Information supplied:
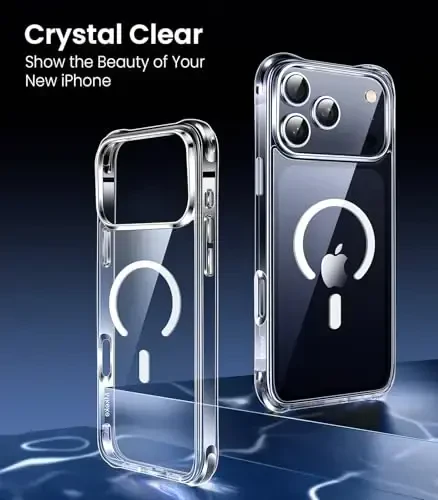Mkeke Magnetic for iPhone 17 Pro Max Case Clear, [MagSafe bilan mos] [Sarg'aymaydi] [Harbiy darajadagi tushishdan himoya] iPhone 6.9 dyuym 2025 uchun telefon bamperi - 3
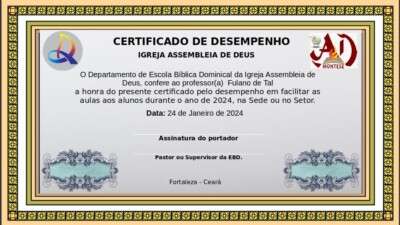 Certificado Escola Biblica Dominical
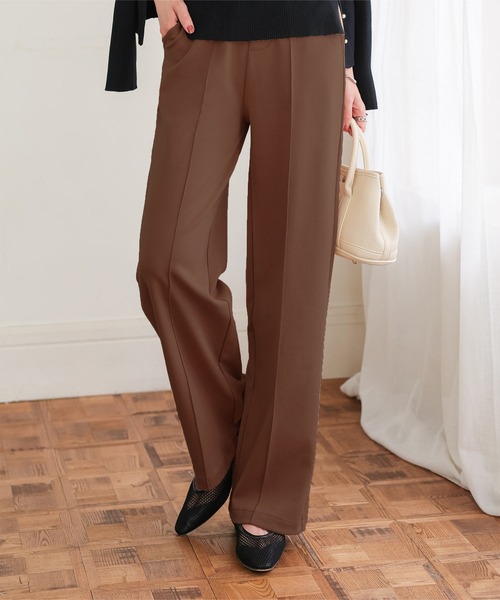 KOBE LETTUCE（コウベレタス）の「選べるサイズ 美脚ポンチワイドパンツ（スラックス・レディース・ライトブラウン/グレー/ライトベージュ/ブラック/ピンク/ブラウン・L/M/TM/PL/PM）」の12枚目の写真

Goal of the exercise: The material above should be repeated word for word, with every picture omitted.

Result for this task:
Mkeke Magnetic for iPhone 17 Pro Max Case Clear, [MagSafe bilan mos] [Sarg'aymaydi] [Harbiy darajadagi tushishdan himoya] iPhone 6.9 dyuym 2025 uchun telefon bamperi - 3
 Certificado Escola Biblica Dominical
 KOBE LETTUCE（コウベレタス）の「選べるサイズ 美脚ポンチワイドパンツ（スラックス・レディース・ライトブラウン/グレー/ライトベージュ/ブラック/ピンク/ブラウン・L/M/TM/PL/PM）」の12枚目の写真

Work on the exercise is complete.